N° 475

SÉNAT

SESSION ORDINAIRE DE 1999-2000

Rattaché pour ordre au procès-verbal de la séance du 29 juin 2000

Enregistré à la Présidence du Sénat le 19 septembre 2000

RAPPORT

FAIT

au nom de la commission des Affaires sociales (1) sur la proposition de loi, ADOPTÉE PAR L'ASSEMBLÉE NATIONALE, relative à l' égalité professionnelle entre les femmes et les hommes ,

Par Mme Annick BOCANDÉ,

Sénateur.

(1) Cette commission est composée de : MM. Jean Delaneau, président ; Jacques Bimbenet, Louis Boyer, Mme Marie-Madeleine Dieulangard, MM. Guy Fischer, Jean-Louis Lorrain, Louis Souvet, vice-présidents ;
Mme Annick Bocandé, MM. Charles Descours, Alain Gournac, Roland Huguet, secrétaires ; Henri d'Attilio, François Autain, Jean-Yves Autexier, Paul Blanc, Claire-Lise Campion, Jean-Pierre Cantegrit, Bernard Cazeau, Gilbert Chabroux, Jean Chérioux, Philippe Darniche, Claude Domeizel, Jacques Dominati, Michel Esneu, Alfred Foy, Serge Franchis, Francis Giraud, Alain Hethener, Claude Huriet, André Jourdain, Roger Lagorsse, Dominique Larifla, Henri Le Breton, Dominique Leclerc, Marcel Lesbros, Jacques Machet, Max Marest, Georges Mouly, Roland Muzeau, Lucien Neuwirth, Philippe Nogrix, Mme Nelly Olin, MM. Lylian Payet, André Pourny, Mme Gisèle Printz, MM. Henri de Raincourt, Bernard Seillier, Martial Taugourdeau, Alain Vasselle, Paul Vergès, André Vezinhet, Guy Vissac.

Voir les numéros :

Assemblée nationale (11
ème législ.) : 2132, 2220, 2225 et T.A. 469 .
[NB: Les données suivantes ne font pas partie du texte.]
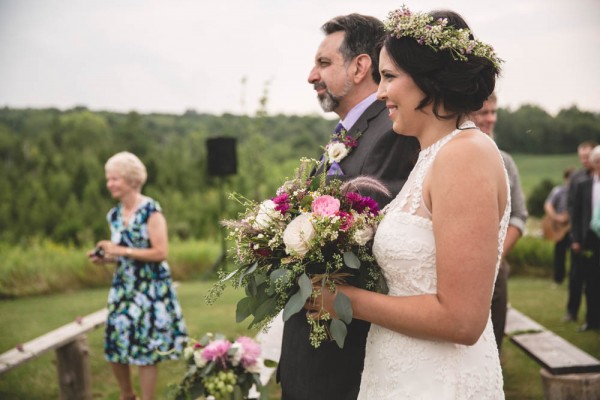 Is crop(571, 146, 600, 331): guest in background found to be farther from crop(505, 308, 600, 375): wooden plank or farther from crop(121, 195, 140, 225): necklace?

Sénat : 258, 347 (1999-2000).


Femmes.

EXPOSÉ GÉNÉRAL

Mesdames, Messieurs,

Le 7 mars dernier 1( * ) , l'Assemblée nationale adoptait une proposition de loi relative à l'égalité professionnelle entre les femmes et les hommes, proposition déposée par Mme Catherine Génisson et ses collègues du groupe socialiste.

Votre commission des Affaires sociales a été saisie de ce texte que le Gouvernement a souhaité inscrire à l'ordre du jour prioritaire de nos travaux. Elle regrette à cet égard que le Gouvernement ne retienne pas une telle procédure pour les nombreuses propositions de lois, notamment en matière sociale, adoptées par le Sénat qui sont en instance d'examen à l'Assemblée nationale.

Dans la mesure où ce texte vise non seulement le code du travail mais aussi le statut de la fonction publique, la commission des Lois s'est saisie pour avis des titres II et III. Aussi, votre commission vous propose, pour les articles en question, de s'en remettre à l'avis éclairé de la commission des Lois -et de son rapporteur, M. René Garrec- tout naturellement compétente en la matière.

Votre commission a également décidé de saisir, le 15 mars dernier, la Délégation aux droits des femmes et à l'égalité entre les femmes et les hommes. Son rapport, présenté par M. Gérard Cornu, a été rendu public en mai. Bien des constats et bien des recommandations formulés par la Délégation seront d'ailleurs ici repris par votre commission.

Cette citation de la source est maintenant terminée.